Work to complete
The entire listing below is to be transcribed without a single slip.

Information shown
========
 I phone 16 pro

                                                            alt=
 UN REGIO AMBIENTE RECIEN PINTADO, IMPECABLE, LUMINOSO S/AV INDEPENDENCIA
========
Worked solution
 I phone 16 pro

                                                            alt=
 UN REGIO AMBIENTE RECIEN PINTADO, IMPECABLE, LUMINOSO S/AV INDEPENDENCIA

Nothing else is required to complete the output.